Rejoneo

Horses are an integral part of bullfighting. © Michelle Chaplow
Horses are an integral part of bullfighting.
 

Bullfighting with horses - Rejoneo

Horses are an integral part of bullfighting. In the First stage of a bullfight a trumpet signals the entrance of the picadors, mounted on heavily padded and blindfolded horses, they provoke the bull to attack them. The aim is to plunge their lance into the bull's neck thus weakening its strong neck muscles.

Rejoneo is bullfighting on horseback. This requires enormous skill and great horsemanship. Look out for the word "rejoneo" on the bullfighting poster and artwork of a horseman.

The ceremony of testing the young bulls involves letting the young bulls run wild and the horsemen test their bravery by trying to toss them with long poles. Those young bulls that pass the test continue to be raised on the farm until, at three years' old, they are selected for a bullfight. Those that don't reach the standard, will be sold at market.

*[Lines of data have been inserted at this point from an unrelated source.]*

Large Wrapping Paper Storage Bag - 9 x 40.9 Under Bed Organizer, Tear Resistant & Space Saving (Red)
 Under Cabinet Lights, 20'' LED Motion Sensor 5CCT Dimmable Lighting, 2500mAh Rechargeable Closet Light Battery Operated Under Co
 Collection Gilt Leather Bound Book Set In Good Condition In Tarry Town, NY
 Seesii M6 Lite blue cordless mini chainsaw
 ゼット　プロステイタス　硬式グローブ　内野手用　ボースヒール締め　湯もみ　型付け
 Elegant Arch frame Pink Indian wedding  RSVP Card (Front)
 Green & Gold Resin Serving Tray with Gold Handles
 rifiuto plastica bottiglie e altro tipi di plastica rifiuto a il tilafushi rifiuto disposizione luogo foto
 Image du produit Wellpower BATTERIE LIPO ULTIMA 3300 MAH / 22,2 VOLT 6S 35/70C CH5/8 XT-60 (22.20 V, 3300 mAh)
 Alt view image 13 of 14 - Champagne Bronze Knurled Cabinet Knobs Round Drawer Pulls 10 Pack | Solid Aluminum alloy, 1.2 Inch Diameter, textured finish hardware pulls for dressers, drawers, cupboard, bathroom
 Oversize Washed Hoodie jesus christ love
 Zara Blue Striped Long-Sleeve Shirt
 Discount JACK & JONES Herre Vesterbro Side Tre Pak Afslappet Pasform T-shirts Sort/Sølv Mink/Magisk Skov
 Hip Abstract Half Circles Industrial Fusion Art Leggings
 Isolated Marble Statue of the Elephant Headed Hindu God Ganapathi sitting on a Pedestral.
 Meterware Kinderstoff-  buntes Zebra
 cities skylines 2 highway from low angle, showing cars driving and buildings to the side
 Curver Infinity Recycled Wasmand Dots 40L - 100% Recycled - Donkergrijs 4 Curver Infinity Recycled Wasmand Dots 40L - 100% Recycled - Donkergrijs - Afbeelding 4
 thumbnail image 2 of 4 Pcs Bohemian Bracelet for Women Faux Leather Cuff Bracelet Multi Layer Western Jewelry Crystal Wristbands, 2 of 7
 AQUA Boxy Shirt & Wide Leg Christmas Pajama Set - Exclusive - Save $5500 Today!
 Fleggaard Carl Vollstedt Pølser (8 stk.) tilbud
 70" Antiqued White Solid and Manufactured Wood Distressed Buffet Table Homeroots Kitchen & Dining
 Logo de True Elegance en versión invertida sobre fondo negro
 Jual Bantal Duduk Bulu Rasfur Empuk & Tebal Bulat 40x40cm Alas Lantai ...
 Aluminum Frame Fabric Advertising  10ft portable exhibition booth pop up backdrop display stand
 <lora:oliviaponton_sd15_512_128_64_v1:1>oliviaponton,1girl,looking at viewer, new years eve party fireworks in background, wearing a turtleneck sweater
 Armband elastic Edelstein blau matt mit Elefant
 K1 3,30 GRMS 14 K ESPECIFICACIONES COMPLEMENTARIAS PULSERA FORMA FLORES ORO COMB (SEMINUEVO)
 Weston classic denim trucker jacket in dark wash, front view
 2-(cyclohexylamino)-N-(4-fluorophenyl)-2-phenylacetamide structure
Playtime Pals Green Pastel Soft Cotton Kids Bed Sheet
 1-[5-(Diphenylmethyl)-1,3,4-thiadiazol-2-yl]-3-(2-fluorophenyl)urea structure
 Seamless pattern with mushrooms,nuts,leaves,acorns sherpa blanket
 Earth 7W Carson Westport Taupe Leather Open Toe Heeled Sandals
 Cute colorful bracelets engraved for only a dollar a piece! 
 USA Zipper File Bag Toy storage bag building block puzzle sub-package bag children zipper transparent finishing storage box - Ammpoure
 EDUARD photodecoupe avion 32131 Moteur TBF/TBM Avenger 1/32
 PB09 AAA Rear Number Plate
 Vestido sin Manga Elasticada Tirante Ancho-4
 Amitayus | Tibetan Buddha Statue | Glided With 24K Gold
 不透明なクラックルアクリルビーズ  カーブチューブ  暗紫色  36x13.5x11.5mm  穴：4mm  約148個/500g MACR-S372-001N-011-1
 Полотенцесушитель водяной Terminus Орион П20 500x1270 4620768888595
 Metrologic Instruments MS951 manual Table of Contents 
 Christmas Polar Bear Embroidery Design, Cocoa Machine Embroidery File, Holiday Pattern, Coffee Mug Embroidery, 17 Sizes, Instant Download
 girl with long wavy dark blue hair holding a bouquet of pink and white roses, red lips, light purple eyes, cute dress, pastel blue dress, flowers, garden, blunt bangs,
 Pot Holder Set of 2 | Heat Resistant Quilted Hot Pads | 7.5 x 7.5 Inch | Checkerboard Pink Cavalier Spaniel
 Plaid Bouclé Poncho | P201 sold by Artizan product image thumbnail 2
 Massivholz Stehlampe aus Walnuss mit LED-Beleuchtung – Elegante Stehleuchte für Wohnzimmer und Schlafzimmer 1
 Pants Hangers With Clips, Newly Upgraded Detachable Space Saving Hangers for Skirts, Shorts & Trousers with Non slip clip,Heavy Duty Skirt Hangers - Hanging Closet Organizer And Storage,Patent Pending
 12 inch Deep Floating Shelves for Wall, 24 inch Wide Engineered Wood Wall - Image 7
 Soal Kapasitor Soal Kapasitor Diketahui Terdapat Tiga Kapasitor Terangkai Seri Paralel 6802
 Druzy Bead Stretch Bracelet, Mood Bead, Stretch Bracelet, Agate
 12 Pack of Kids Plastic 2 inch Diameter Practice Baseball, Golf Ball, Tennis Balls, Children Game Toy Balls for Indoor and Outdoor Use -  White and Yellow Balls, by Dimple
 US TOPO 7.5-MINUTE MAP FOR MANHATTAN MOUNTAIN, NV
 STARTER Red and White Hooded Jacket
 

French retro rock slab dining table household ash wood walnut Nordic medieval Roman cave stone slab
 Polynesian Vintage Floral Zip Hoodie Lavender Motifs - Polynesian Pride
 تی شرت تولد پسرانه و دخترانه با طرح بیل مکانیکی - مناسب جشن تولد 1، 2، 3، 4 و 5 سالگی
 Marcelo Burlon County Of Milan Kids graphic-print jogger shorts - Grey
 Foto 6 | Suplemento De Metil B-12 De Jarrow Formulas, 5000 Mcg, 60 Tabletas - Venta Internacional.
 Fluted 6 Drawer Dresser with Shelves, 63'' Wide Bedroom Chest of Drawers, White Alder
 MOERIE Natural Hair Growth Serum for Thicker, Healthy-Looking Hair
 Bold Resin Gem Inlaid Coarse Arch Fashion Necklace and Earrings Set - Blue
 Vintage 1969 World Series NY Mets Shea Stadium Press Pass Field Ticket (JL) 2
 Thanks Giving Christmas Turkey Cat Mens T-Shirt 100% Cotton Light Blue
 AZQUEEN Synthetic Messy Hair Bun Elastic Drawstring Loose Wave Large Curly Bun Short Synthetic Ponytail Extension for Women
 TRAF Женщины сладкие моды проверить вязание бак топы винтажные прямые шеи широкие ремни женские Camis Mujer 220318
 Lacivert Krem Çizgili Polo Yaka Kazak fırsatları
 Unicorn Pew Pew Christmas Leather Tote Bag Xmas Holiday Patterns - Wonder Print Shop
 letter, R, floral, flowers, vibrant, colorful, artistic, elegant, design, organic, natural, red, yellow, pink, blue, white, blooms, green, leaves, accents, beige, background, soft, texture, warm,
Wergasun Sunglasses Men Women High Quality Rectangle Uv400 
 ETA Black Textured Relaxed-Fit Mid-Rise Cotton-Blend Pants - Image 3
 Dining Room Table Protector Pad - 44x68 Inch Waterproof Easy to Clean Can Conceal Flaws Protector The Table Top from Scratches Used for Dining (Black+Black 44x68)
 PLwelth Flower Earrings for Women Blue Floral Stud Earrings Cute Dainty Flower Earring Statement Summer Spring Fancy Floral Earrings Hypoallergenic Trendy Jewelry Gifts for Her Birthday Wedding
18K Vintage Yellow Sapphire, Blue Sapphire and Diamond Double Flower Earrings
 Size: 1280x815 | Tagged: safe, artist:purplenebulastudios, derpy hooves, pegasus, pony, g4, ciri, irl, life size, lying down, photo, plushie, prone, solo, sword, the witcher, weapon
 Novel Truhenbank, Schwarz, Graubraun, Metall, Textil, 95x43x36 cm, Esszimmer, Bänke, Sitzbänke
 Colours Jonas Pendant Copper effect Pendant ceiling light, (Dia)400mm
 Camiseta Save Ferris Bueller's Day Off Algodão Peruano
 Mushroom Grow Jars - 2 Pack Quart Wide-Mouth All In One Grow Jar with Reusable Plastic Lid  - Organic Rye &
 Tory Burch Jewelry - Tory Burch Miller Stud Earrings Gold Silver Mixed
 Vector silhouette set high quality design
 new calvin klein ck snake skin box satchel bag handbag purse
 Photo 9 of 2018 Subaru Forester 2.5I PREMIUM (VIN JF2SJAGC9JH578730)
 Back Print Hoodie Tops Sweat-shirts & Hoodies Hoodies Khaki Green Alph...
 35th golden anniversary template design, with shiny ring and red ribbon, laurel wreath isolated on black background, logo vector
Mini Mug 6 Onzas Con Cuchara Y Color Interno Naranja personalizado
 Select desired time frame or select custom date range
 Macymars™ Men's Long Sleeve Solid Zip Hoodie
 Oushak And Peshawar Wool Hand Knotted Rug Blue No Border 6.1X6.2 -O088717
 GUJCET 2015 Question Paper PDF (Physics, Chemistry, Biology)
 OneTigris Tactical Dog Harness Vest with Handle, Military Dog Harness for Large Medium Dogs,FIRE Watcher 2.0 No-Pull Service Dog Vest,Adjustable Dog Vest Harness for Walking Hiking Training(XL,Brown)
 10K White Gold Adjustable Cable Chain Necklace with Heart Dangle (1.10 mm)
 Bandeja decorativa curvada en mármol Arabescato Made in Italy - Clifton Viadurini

This practice is not open to the public as such, but if you happen to come across it on a back road on your way to Jerez. Many ranches are very hospitable and will allow interested parties to watch.

 

 

Bullfighting would not be the same without the presence of the picadors, or even more importantly, the rejoneadors. No literature brings their role alive more graphically than Ambits Hemingway's Death in the Afternoon.

First, the horses must be tried out. "The picadors arrive the day before the fight at the corrals of the bullring to choose and test the horses they are to ride," he writes. "There is a piece of iron set in the stone wall of the corral that marks the minimum height at the shoulder that a horse must have to be accepted. A picador has the big saddle put on a horse, mounts, tests whether the horse minds bit and spur, backs, wheels and riding towards the corral wall drives against it with the shaft of a pic to see if the horse is sound and solid on its feet."

Then he describes what horses are best for the fight. "To be useful in the bullring, a horse must be either old or well-tired. It is as much to tire the horses as to provide transportation for the picadors that the animals are ridden from the ring into town to the picadors' boarding house and back. The role of the horse has become that of providing something the bull will charge, so that his neck muscles will be tired and of supporting the man who receives the charge and places his pic in such a manner as to force the bull to tire those muscles. His duty is to tire the bull rather than to weaken him by wounds. The wound made by the pic is an incident rather than an end. Whenever it becomes an end, it is censurable.

"Used for this purpose, the worst horses possible, that is those past any other usefulness, but which are solid on their feet and moderately manageable, are the best. I have seen thoroughbreds killed in their prime in other places than the bullring and it is always a sad and disturbing business. The bullring is a death's business for horses and the worse horses they are, the better.